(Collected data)
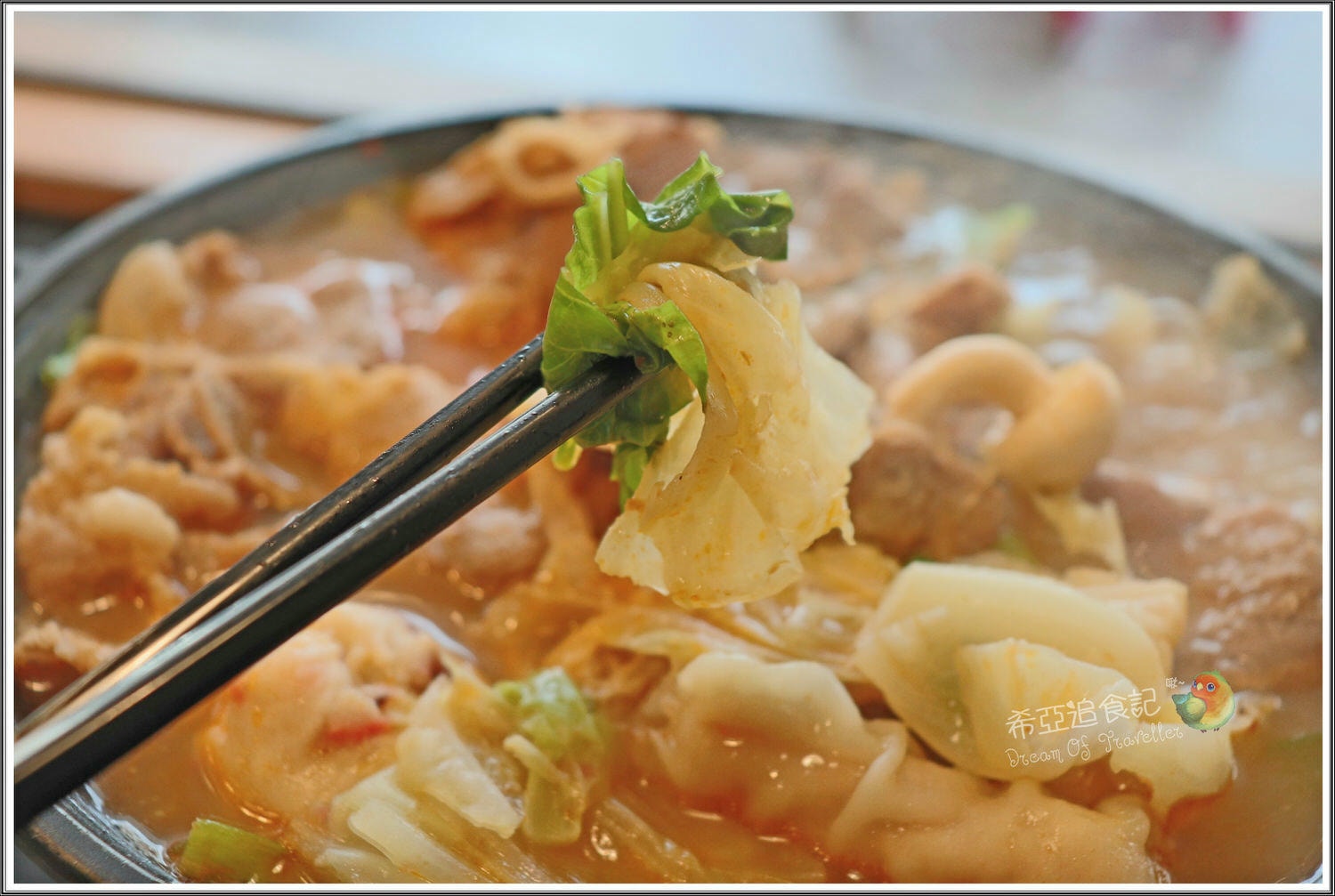 【台中南區火鍋推薦】小石鍋 の 椰香叻沙 & 起司泡菜 (台中/南區) ➽ 大口吃肉,細細品湯,高CP值,白飯/飲料/霜淇淋免費 - 第29張圖 小石鍋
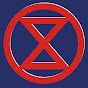 Extinction Rebellion Boston logo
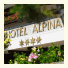 Hotel Alpina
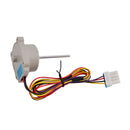 Akcesoria do silnika wentylatora parownika lodówki DC 12 V do LG EAU65058312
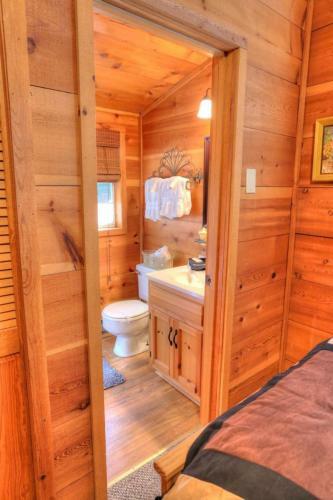Ramblewood Cabin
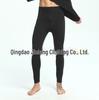 Men's Youth Thin Milk Silk Base Layer Wool Long Johns Pants - Plus Size Warm Line Pants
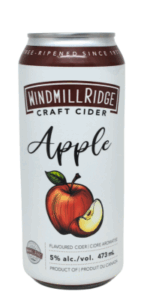 Windmill Ridge – Apple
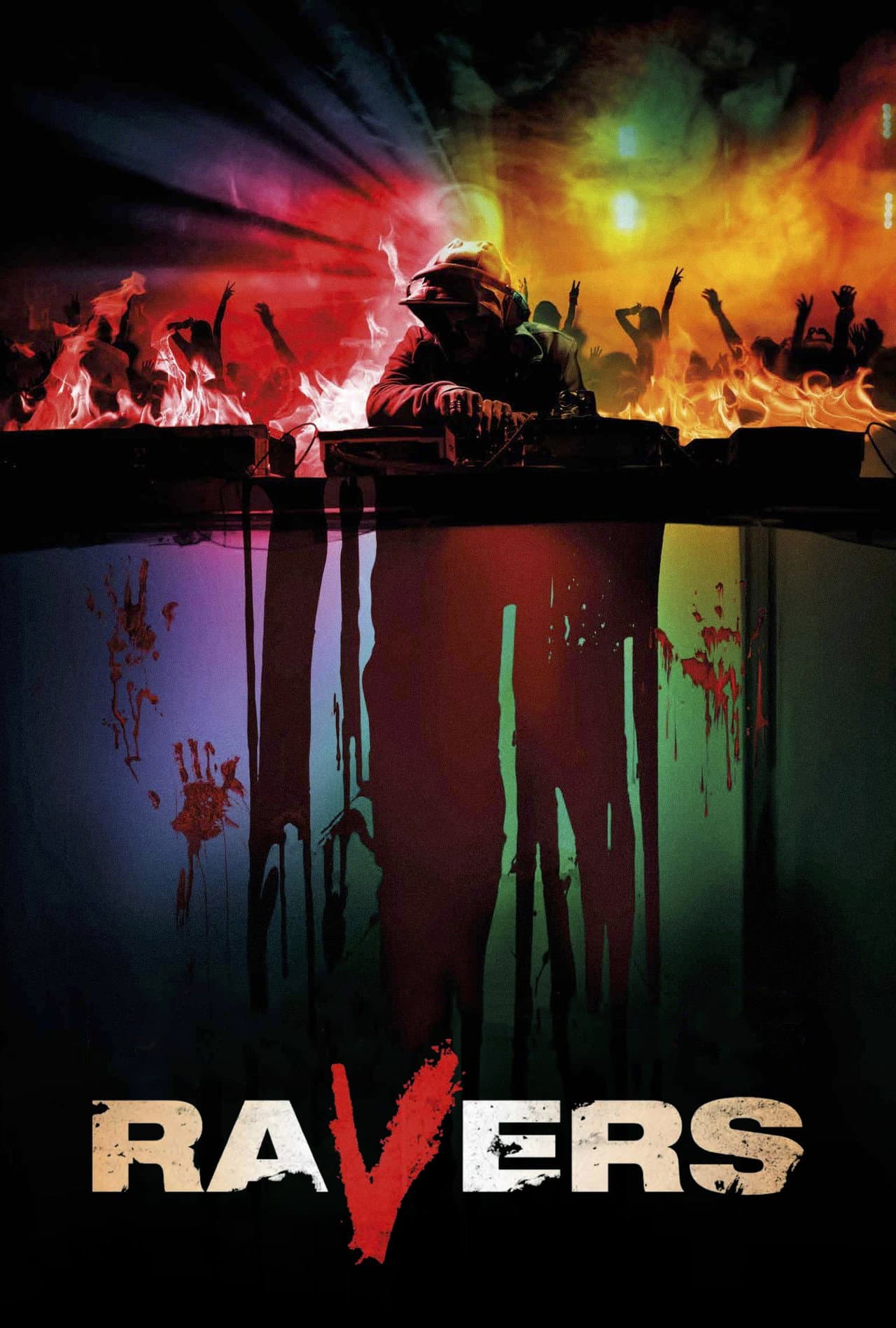 Ravers preview 2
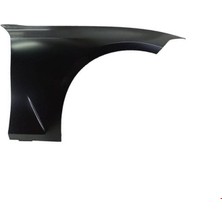 Bmw 3 Serisi G20 Ön Çamurluk Sağ (Tyg-Alüminyum) 2019 Sonrası Uyumlu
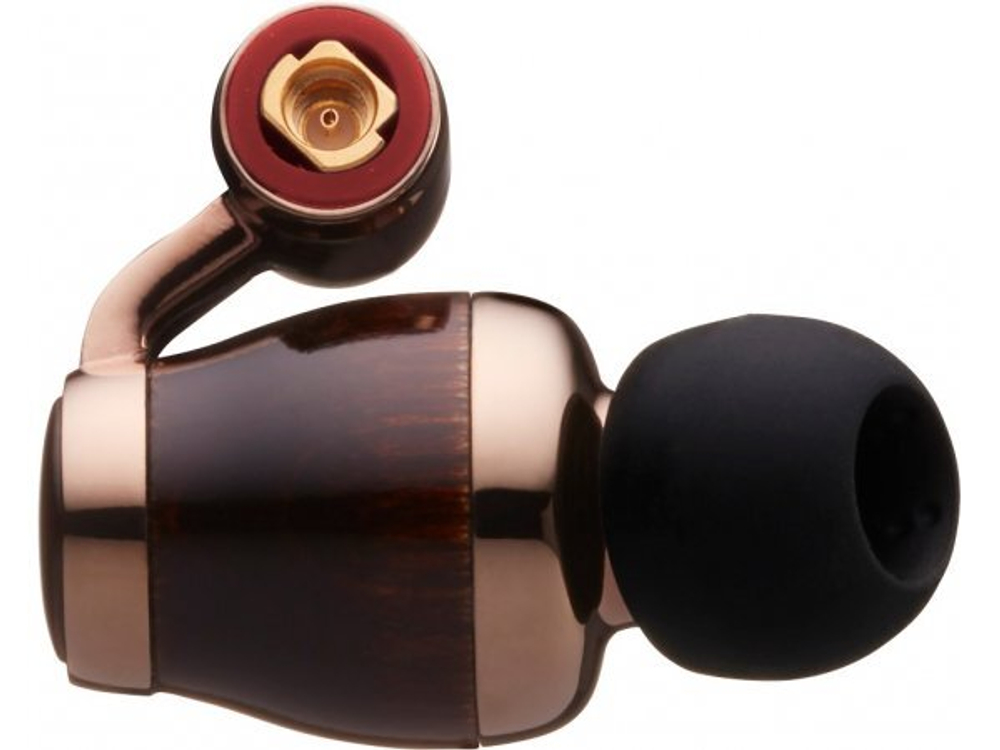 Наушники JVC HA-FW10000-F Black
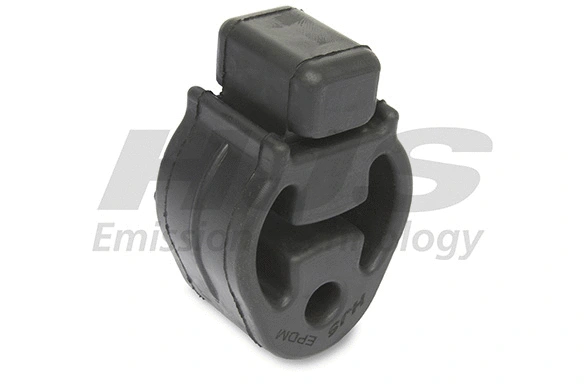 Bracket, muffler (83 15 7142)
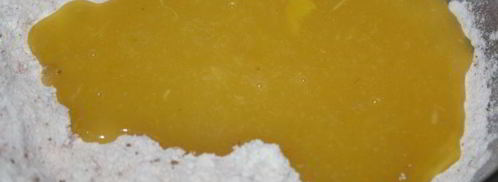 имбирное печенье на елку. Шаг 4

WHAT NEEDS TO BE DONE:
There should be an exact restatement of the lines from the line with "Ravers preview 2" through the last line of the entries above, and no pictures in it.

RESULT OF THE EXERCISE:
 Ravers preview 2
 Bmw 3 Serisi G20 Ön Çamurluk Sağ (Tyg-Alüminyum) 2019 Sonrası Uyumlu
 Наушники JVC HA-FW10000-F Black
 Bracket, muffler (83 15 7142)
 имбирное печенье на елку. Шаг 4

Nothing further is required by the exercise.